GCN Home > 09/25/06 issue
Intel leaders try to think alike on sharing
Plans include consolidating network links, filters and building data sharing into EAs
By Wilson P. Dizard III, GCN Staff
Intelligence community leaders recently unveiled new information-sharing technologies that promise to consolidate links among secret networks, co-opt IT projects into enterprise architecture and launch innovative knowledge distribution systems.

One sign of the cultural and technological shift is the recently established Cross Domain Management Office.

Dale Meyerrose, CIO for the Director of National Intelligence Office, said the new office would dramatically reduce the number of trusted guard boxes, or gates that filter information passing among classified networks and databases.

These things are developed, but there are too many of them developed, Meyerrose said in a recent meeting with reporters. So many of them that we dont have standards.
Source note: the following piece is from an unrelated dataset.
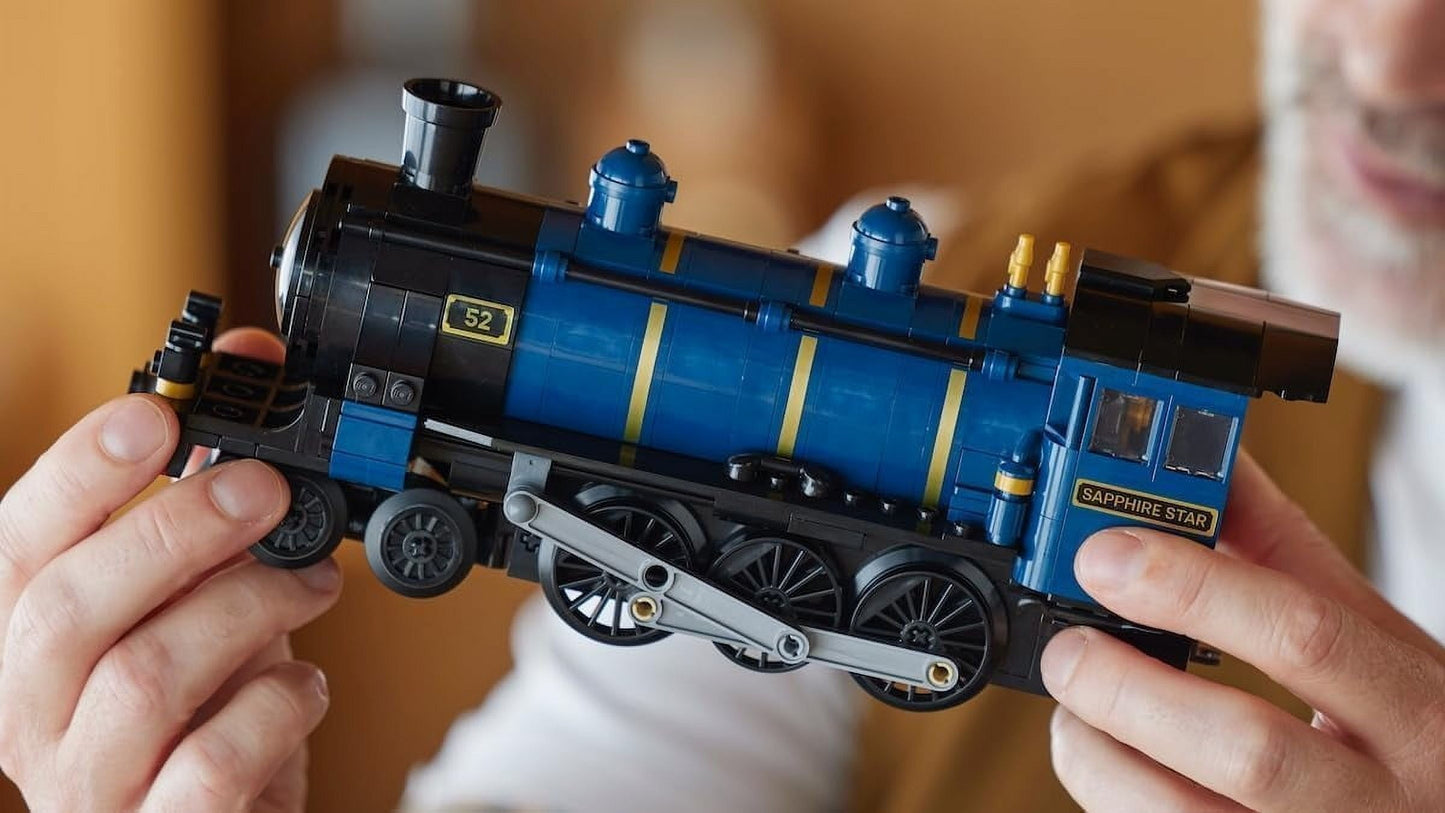 Classic European Express Train - 21344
The gates shunt and filter information across top secret, secret, unclassified, and international databases and networks, he noted. There are over a thousand of these kind of things in all of our networks, Meyerrose said.

Each of the gates sucks away resources, he said. They require version updates, vulnerability assessments and other types of maintenance.

Meyerrose and Pentagon CIO John Grimes jointly established, funded and staffed the new office, Meyerrose said. The strategy is the following: Put sundown clauses on all but about 20 of these [hundreds of gates between classified systems]. Some of those sundown clauses will take effect in a few weeks, because we have a ready solution in the 20 that are left. The gates each have an acronym and have all been designed independently, usually as hardware and software projects to shield information and restrict its transfer.

The next phase of the CDMO project could involve keeping the 20 gates, consolidating them to one system, or creating a son or daughter cross-domain solution set, Meyerrose said.

Technology is going to change, so we are going to need something other than these 20, so, how do we adapt to that, Meyerrose said. Thats the strategy they are going to come up with. Then, there is a small [research and development] piece which looks to keep us on the leading edge of technological thinking about government information-sharing.